Start of DATA SECTION

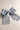 Flat lay view of Felicity Hair Bow Barrette in Baby Blue which features baby blue fabric, double bow with a french barrette clip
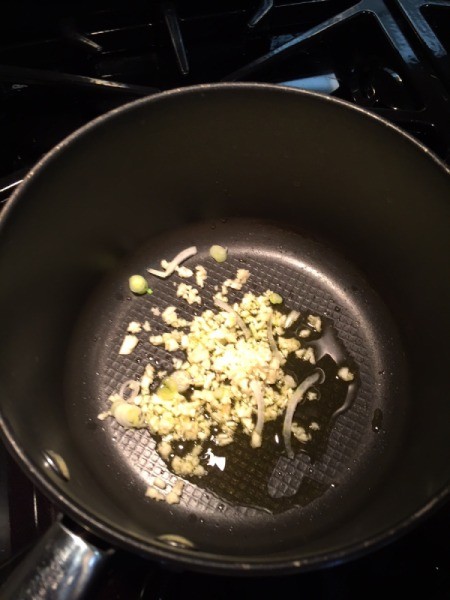 garlic and onions browning in pan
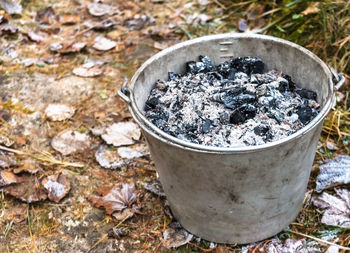 High angle view of cigarette in container on field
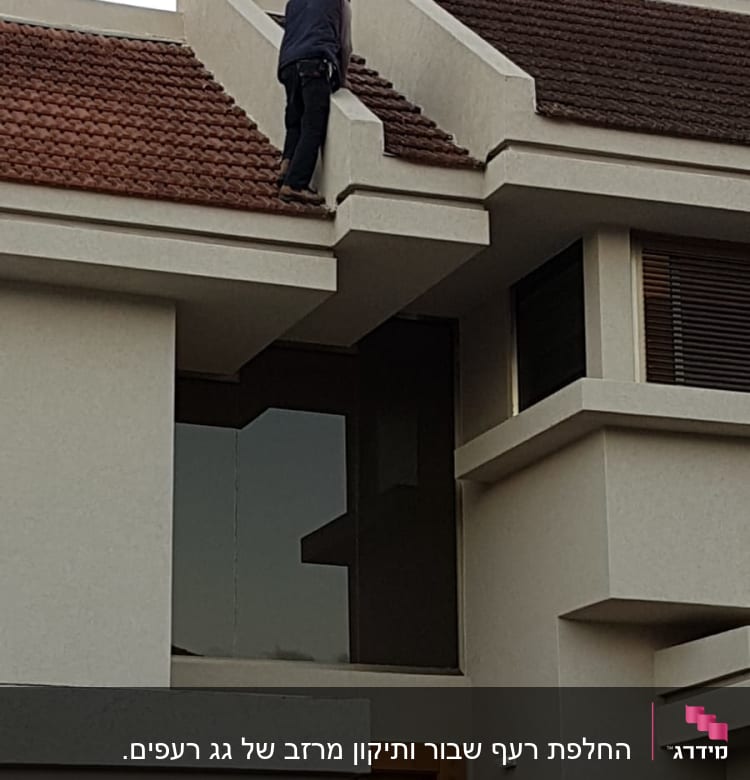 אדם מטפס על גג רעפים אדום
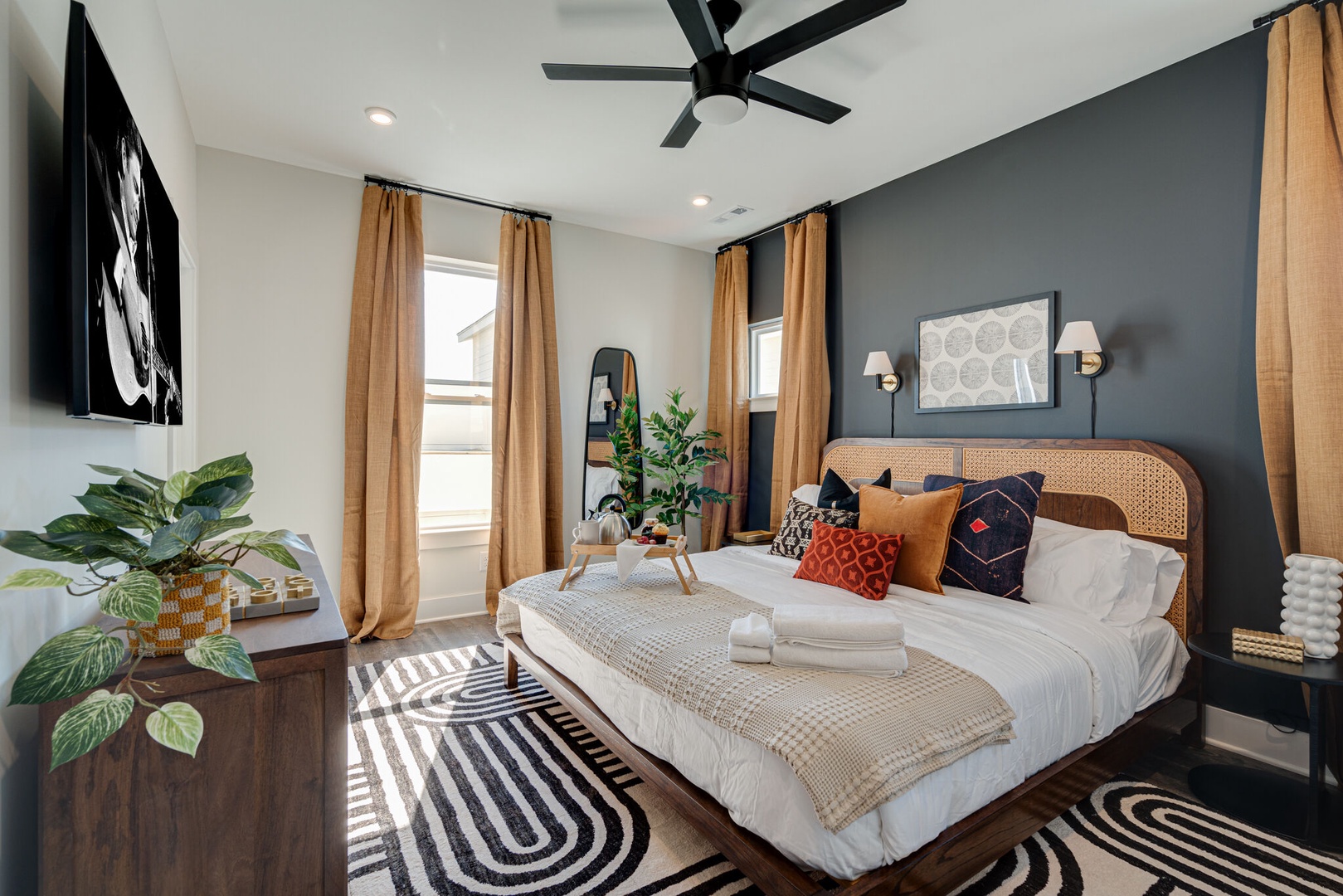 Primary bedroom with King bed, designer furnishings, smart TV, closet, and en-suite bathroom.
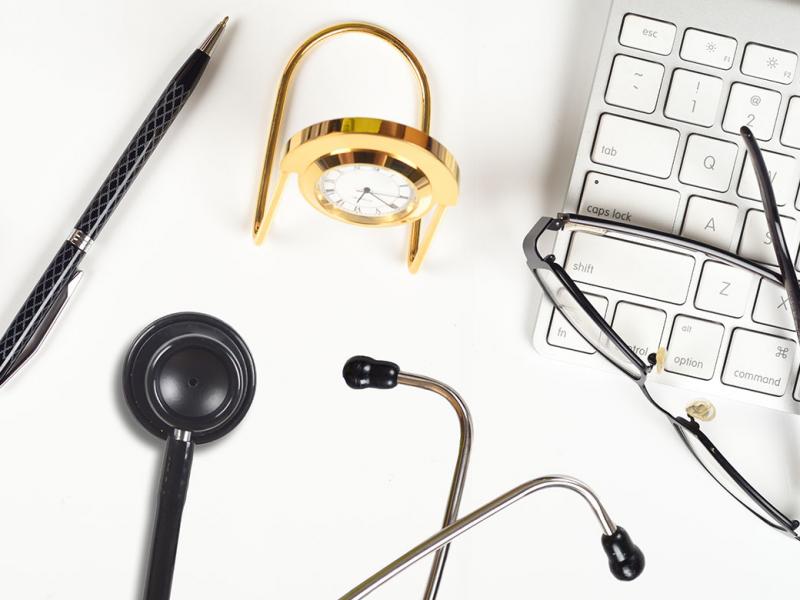 Keyboard, glasses and stethoscope on a desk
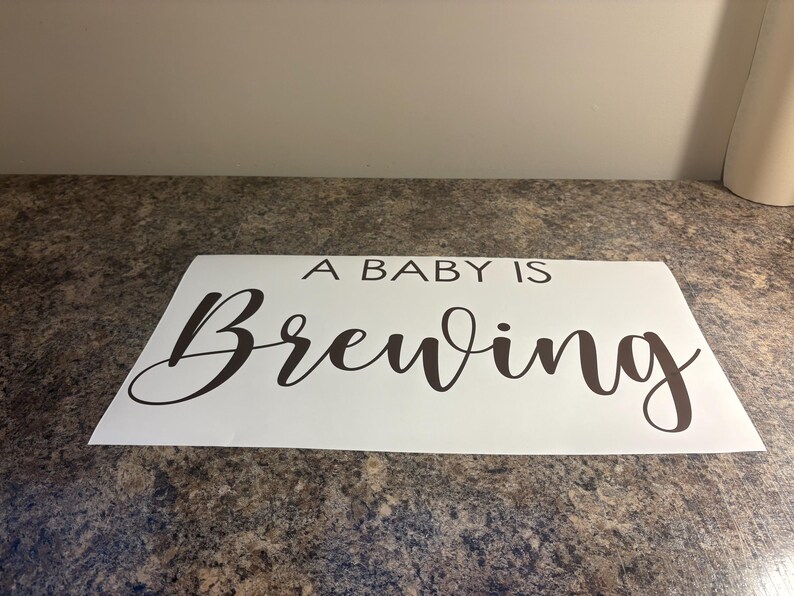 May include: A white rectangular sign with the phrase "A BABY IS Brewing" in a dark brown, elegant script. The sign is placed on a speckled, brown surface.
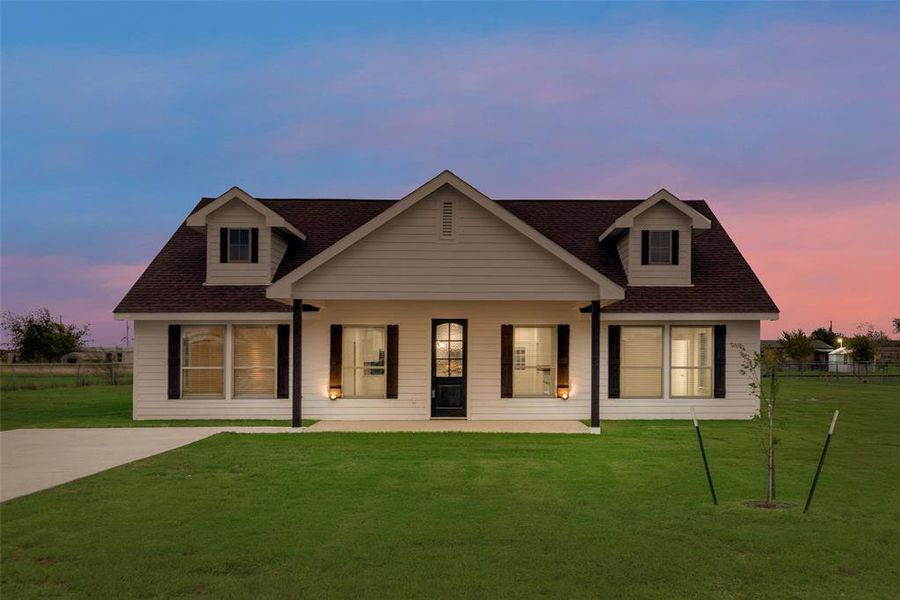 View of front of home featuring a lawn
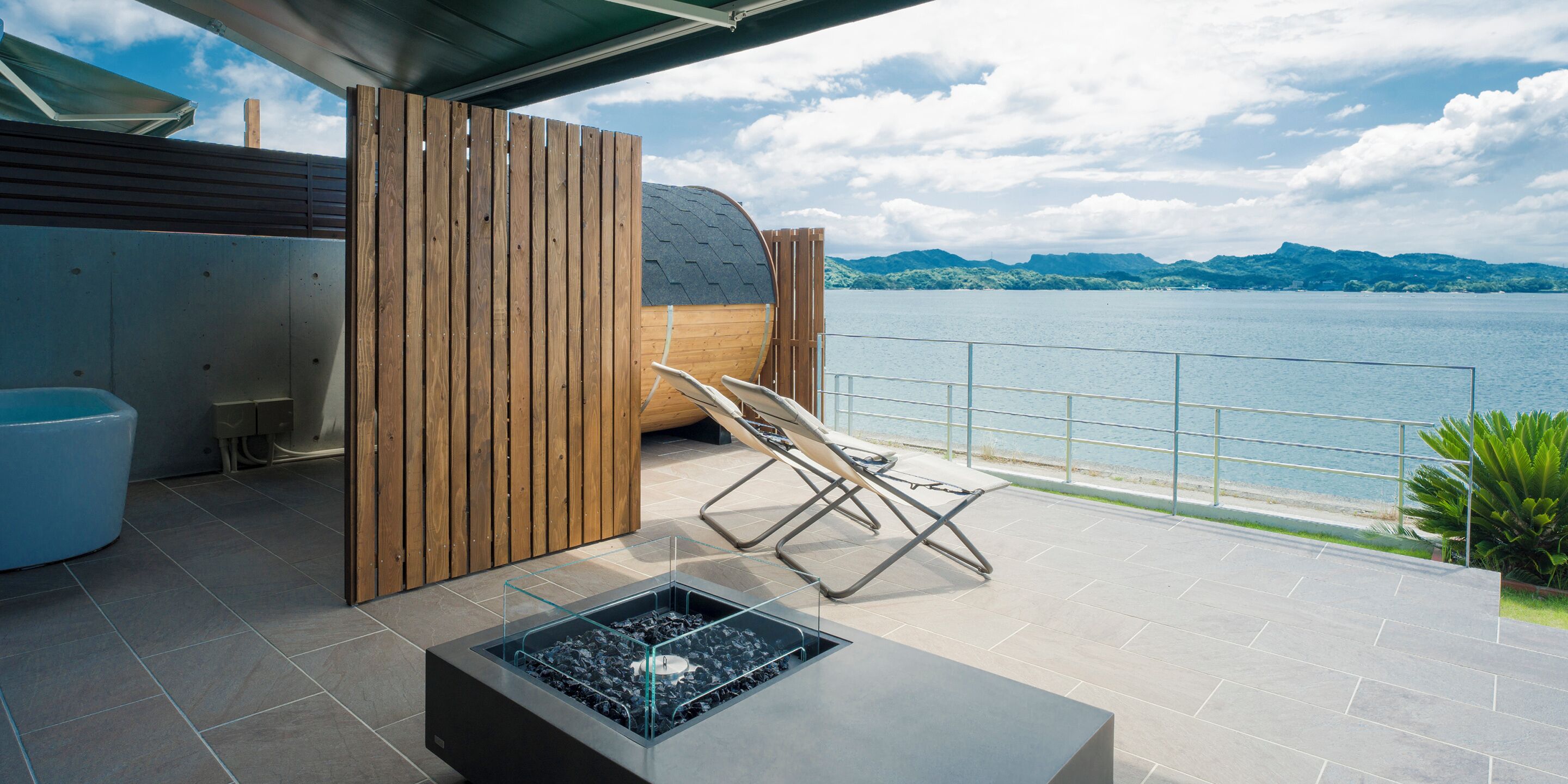 Ein moderner Außenbereich mit Sitzgelegenheit, einem Feuerkorb, einer Holz-Privatsphäre und Blick auf einen See und Berge.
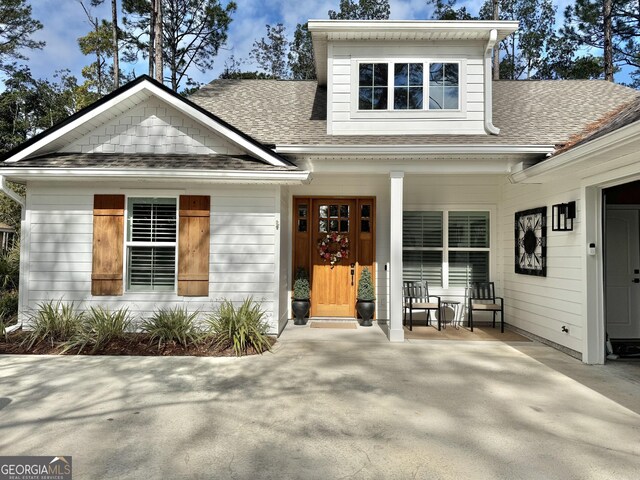 view of front of house with a garage and a front yard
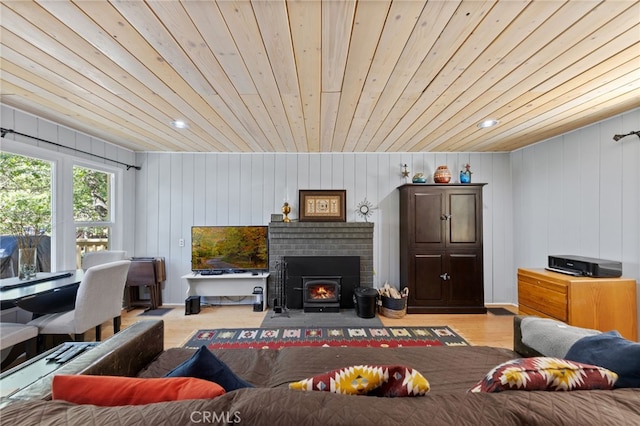 living room featuring wood ceiling, wood walls, and light hardwood / wood-style floors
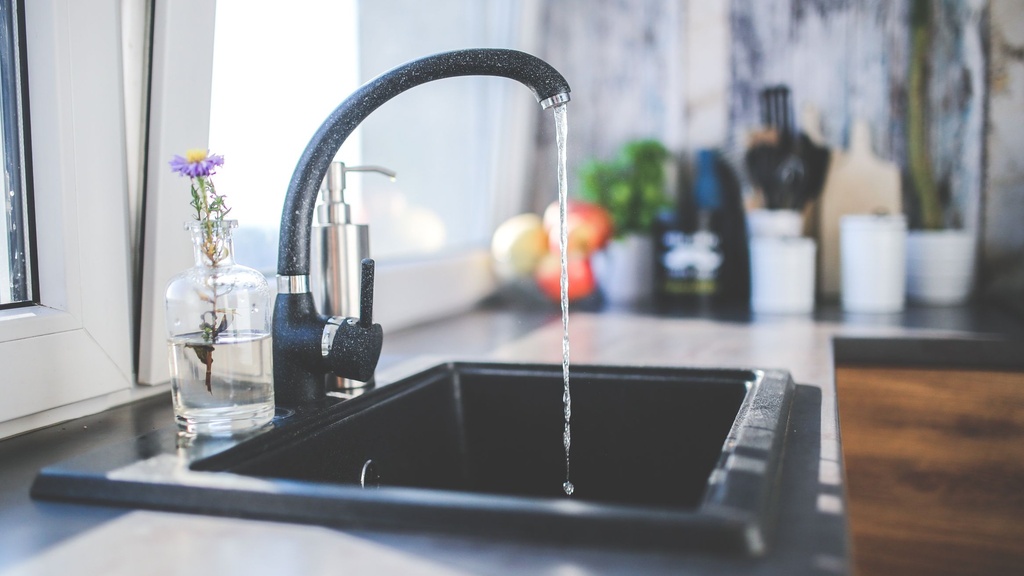 A kitchen faucet with water running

End of DATA SECTION

Please retype exactly the lines from the one containing "living room featuring" through the last line of the records, both included, leaving out every picture.

**SOLVED PROBLEM**
 living room featuring wood ceiling, wood walls, and light hardwood / wood-style floors
 A kitchen faucet with water running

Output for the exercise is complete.